(SUPPLIED MATERIAL)

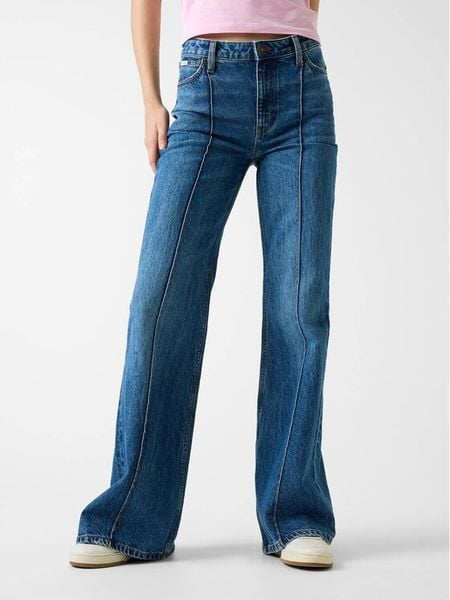 Guess Jeans Jeansy W6RA0R D6334 Niebieski Wide Leg. Niebieskie jeansy damskie Guess Jeans. Za 298.99 zł.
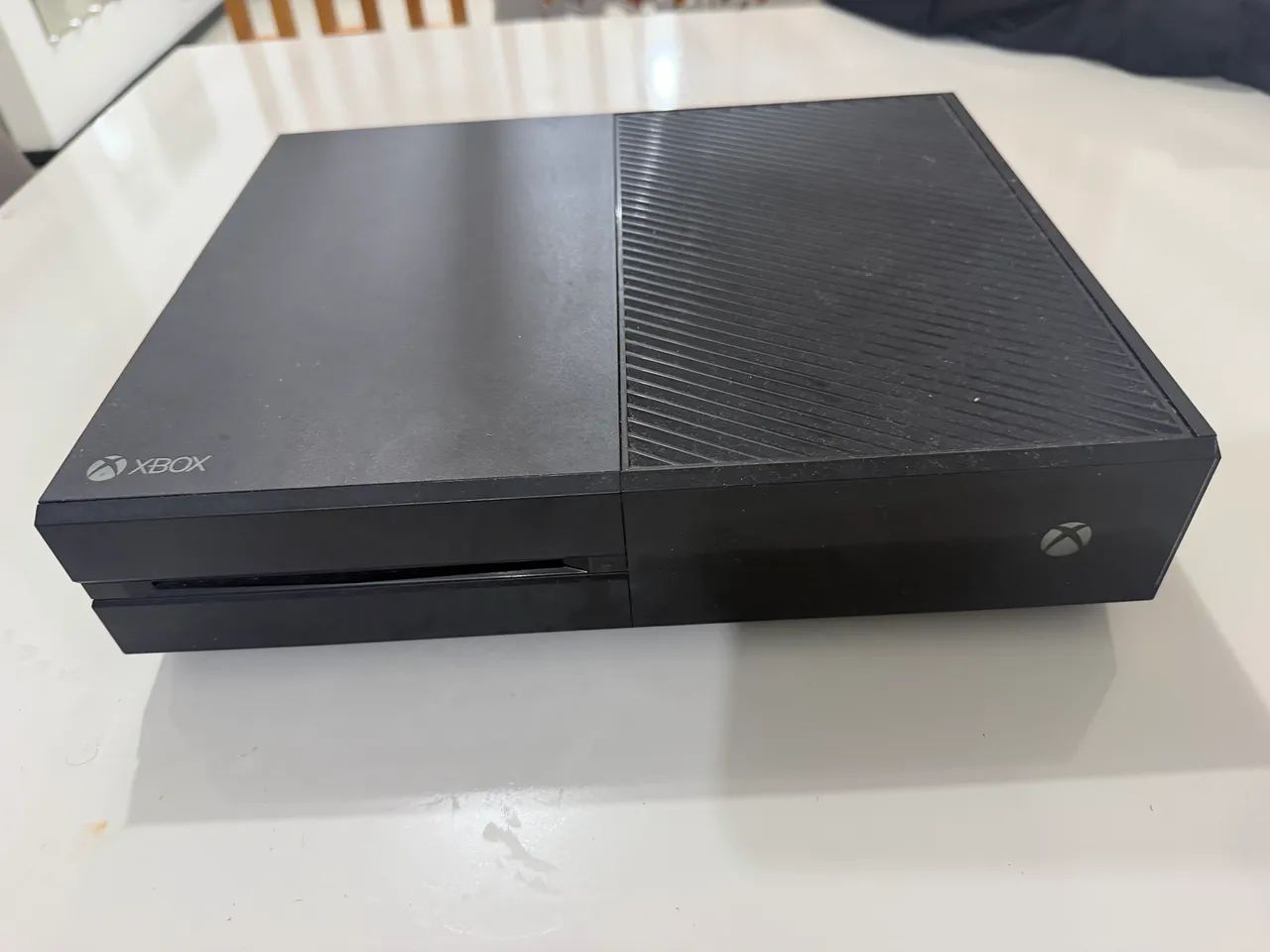 Vendo Xbox one com 5 jogos 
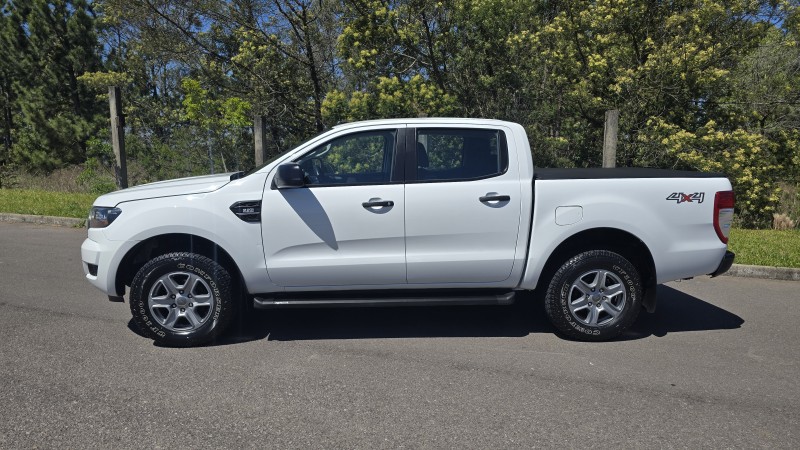 RANGER 2.2 XLS 4X4 CD 16V DIESEL 4P MANUAL - 2017 - BENTO GONçALVES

(End SUPPLIED MATERIAL)

WORK REQUIRED –
Print the listing verbatim, images excluded.

EXPECTED OUTPUT –
 Guess Jeans Jeansy W6RA0R D6334 Niebieski Wide Leg. Niebieskie jeansy damskie Guess Jeans. Za 298.99 zł.
 Vendo Xbox one com 5 jogos 
 RANGER 2.2 XLS 4X4 CD 16V DIESEL 4P MANUAL - 2017 - BENTO GONçALVES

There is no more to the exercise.